WORK ITEM: Find the line containing "3412 Clegg Dr — Photo 24" in the entries below. Restate it and each line after it, word for word, up to and including the line containing "Mercedes-Benz CLA250 e 15 of 19".

DATASET CONTENT:
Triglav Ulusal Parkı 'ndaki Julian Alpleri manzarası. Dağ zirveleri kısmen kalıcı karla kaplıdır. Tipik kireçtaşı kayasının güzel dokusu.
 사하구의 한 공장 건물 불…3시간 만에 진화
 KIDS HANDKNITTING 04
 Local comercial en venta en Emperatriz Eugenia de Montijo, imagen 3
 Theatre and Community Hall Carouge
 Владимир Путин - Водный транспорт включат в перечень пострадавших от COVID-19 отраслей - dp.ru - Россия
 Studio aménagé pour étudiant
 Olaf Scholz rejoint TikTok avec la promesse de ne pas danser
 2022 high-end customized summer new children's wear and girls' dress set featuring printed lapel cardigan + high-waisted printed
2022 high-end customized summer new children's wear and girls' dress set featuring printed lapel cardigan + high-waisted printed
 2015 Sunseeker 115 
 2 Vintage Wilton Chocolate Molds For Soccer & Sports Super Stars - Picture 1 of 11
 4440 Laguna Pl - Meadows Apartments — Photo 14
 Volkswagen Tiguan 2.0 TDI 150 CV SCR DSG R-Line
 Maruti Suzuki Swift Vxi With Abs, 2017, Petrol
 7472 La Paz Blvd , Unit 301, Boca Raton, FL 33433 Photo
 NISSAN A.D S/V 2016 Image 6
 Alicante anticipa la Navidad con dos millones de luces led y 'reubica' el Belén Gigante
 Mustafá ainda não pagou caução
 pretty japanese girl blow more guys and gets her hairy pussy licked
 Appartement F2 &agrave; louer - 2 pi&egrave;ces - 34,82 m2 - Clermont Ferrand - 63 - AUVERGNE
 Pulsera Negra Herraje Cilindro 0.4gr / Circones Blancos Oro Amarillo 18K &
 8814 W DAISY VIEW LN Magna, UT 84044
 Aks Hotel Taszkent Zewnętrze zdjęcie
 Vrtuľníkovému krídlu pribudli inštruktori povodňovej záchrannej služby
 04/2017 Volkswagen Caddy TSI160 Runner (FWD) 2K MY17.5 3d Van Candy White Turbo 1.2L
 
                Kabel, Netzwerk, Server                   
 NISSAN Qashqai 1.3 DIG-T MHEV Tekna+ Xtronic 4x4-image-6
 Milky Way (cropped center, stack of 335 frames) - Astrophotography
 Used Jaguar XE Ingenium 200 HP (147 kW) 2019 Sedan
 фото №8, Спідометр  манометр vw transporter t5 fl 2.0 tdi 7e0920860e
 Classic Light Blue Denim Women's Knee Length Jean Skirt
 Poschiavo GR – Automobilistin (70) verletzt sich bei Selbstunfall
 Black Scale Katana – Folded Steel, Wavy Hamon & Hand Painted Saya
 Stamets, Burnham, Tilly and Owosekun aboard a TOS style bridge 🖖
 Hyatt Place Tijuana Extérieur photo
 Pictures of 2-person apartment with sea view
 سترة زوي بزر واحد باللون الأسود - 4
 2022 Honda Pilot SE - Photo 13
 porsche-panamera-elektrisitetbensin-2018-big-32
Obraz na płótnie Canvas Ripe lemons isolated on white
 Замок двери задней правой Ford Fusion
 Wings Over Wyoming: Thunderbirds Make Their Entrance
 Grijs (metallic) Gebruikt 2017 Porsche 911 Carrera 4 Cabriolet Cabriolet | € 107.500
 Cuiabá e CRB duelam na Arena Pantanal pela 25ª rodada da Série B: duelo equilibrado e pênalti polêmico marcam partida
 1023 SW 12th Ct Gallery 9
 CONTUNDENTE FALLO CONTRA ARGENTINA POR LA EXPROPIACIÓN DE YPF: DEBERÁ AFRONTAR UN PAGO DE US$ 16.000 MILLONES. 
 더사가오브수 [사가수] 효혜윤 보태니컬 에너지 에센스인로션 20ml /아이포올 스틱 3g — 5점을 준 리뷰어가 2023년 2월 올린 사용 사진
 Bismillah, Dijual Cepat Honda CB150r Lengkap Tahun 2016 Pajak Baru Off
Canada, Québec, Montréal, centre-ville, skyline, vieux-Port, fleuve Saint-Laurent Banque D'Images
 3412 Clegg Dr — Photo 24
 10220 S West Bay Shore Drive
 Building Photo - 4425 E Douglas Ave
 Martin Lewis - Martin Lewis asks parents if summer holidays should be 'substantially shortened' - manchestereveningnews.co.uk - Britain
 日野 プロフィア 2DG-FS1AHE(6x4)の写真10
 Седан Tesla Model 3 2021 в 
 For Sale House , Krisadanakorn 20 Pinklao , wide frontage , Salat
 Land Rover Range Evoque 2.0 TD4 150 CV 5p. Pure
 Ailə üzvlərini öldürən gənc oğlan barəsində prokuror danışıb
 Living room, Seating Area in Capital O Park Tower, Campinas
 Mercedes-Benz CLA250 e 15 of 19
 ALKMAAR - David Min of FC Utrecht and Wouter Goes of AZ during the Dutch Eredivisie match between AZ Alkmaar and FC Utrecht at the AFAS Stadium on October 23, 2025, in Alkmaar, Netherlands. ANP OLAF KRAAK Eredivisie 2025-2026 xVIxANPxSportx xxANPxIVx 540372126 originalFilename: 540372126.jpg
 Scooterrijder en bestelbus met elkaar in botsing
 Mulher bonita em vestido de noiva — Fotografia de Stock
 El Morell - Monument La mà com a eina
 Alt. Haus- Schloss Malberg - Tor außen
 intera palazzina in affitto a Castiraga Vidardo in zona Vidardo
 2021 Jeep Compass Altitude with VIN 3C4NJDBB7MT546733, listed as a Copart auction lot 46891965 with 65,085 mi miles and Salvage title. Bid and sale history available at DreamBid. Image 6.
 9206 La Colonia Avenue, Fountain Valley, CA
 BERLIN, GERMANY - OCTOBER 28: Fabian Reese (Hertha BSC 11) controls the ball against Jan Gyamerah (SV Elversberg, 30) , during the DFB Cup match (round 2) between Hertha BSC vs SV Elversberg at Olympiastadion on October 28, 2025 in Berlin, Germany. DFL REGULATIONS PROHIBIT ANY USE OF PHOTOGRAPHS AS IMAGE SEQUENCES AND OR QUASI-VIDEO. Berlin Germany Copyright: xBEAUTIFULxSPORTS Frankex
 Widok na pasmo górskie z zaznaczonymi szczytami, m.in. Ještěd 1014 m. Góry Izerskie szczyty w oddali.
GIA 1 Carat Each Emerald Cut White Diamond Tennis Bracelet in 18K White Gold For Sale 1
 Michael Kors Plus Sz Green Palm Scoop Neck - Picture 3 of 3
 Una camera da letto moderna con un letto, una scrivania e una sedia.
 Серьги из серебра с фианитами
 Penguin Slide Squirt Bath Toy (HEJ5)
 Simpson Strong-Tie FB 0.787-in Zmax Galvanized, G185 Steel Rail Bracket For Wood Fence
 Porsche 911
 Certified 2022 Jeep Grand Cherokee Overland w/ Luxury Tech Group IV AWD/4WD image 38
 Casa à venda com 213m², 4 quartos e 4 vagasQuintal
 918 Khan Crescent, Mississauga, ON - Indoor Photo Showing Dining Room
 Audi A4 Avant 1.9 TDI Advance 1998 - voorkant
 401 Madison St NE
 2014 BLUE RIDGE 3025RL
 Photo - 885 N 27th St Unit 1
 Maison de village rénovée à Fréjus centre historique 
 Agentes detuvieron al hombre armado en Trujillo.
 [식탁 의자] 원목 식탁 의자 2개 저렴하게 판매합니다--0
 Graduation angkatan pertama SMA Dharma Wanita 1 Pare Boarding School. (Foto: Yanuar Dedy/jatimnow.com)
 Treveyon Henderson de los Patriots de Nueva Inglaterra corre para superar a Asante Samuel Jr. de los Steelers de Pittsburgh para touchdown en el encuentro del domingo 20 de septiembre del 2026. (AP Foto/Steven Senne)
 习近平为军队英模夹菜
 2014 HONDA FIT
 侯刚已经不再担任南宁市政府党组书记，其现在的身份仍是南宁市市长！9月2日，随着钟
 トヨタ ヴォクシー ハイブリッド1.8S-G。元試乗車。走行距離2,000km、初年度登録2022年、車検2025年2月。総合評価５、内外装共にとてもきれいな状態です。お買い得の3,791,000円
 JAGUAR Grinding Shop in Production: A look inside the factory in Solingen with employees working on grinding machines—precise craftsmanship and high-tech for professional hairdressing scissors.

RESULT:
 3412 Clegg Dr — Photo 24
 10220 S West Bay Shore Drive
 Building Photo - 4425 E Douglas Ave
 Martin Lewis - Martin Lewis asks parents if summer holidays should be 'substantially shortened' - manchestereveningnews.co.uk - Britain
 日野 プロフィア 2DG-FS1AHE(6x4)の写真10
 Седан Tesla Model 3 2021 в 
 For Sale House , Krisadanakorn 20 Pinklao , wide frontage , Salat
 Land Rover Range Evoque 2.0 TD4 150 CV 5p. Pure
 Ailə üzvlərini öldürən gənc oğlan barəsində prokuror danışıb
 Living room, Seating Area in Capital O Park Tower, Campinas
 Mercedes-Benz CLA250 e 15 of 19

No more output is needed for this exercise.